— Это пластырь, — говорит доктор. По всей поверхности — крошечные иглы, через них в кровь поступает транквилизатор. Мне не хотелось бы следующие пятьдесят лет постоянно наклеивать их тебе, просто чтобы усмирить, — он кладет белый квадратик на середину стола, а потом смотрит мне прямо в глаза. — Но я готов это делать.
Пластырь на столе — это линия, за которую не стоит заступать. Я сажусь обратно на стул.
— Итак, есть у тебя хобби или умения, которые могли бы пригодиться на корабле?
Хобби?
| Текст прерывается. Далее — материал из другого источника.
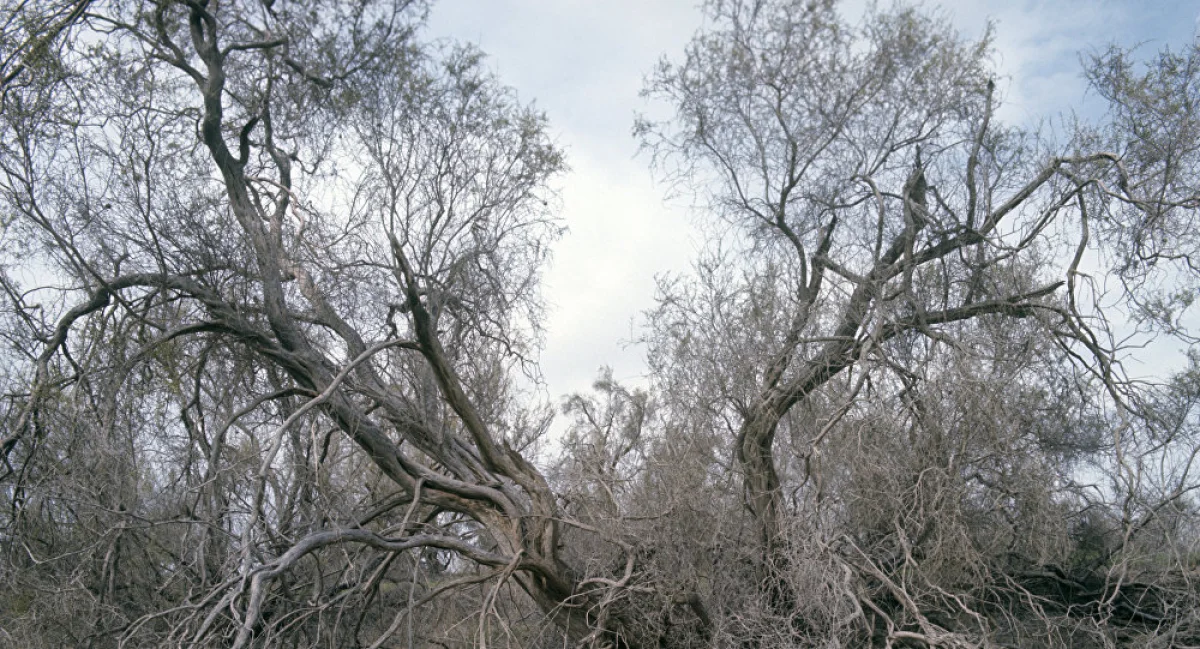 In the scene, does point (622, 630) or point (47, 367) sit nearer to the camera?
point (47, 367)

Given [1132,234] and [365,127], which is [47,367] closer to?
[365,127]

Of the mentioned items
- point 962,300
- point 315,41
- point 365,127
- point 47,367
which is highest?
point 315,41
Хобби бывают у девяностолетних старичков, которые днем и ночью копаются у себя в гараже.
— В школе мне нравилась история, — говорю я, наконец, хоть я и чувствую себя глупо, потому что первым делом вспомнила про школу.
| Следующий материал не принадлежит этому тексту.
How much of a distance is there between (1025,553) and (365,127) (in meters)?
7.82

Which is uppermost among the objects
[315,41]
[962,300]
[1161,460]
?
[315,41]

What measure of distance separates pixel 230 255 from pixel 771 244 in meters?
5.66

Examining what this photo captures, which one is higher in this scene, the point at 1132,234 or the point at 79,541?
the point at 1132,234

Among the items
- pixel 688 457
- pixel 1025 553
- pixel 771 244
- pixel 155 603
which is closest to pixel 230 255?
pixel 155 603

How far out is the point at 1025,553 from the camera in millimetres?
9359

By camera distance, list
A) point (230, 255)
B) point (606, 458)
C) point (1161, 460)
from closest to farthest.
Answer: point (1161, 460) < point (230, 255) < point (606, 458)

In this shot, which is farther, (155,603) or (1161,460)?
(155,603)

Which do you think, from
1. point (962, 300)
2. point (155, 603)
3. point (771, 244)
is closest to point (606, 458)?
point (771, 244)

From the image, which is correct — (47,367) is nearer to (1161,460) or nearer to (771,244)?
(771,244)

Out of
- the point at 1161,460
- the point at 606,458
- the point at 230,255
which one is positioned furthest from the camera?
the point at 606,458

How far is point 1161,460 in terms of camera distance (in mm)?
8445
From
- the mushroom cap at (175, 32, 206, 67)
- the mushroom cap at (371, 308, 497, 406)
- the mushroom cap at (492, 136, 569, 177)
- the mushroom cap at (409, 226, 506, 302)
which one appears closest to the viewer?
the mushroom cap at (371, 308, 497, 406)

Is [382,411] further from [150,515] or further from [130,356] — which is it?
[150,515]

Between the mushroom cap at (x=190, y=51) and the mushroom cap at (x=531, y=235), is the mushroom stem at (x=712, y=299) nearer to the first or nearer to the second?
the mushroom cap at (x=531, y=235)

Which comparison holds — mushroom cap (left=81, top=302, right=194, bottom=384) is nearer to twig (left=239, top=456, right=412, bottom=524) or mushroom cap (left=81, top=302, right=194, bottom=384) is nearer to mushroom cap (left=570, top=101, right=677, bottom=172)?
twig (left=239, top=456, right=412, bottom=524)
— У нас здесь нет школы. — Не давая мне времени даже попытаться вообразить себе жизнь без школы, доктор продолжает: — Сейчас нет. И, кроме того, теперь твоя жизнь… эээ…
Ах, да. Понимаю. Моя жизнь, моя прежняя жизнь, уже сама стала историей. Каково это будет — увидеть все, что я любила, чем я жила, в учебнике истории? Что если, переворачивая страницы, я вдруг увижу кого-то знакомого? Что если мое собственное лицо взглянет на меня со страницы, которая в разы старше меня?
— Я участвовала в соревнованиях по бегу по пересеченной местности, — говорю я. Доктор смотрит на меня непонимающим взглядом. Да, конечно, слова «пересеченная местность» ничего не значат на корабле, где иной местности и не бывает. — По бегу. Я была бегуньей.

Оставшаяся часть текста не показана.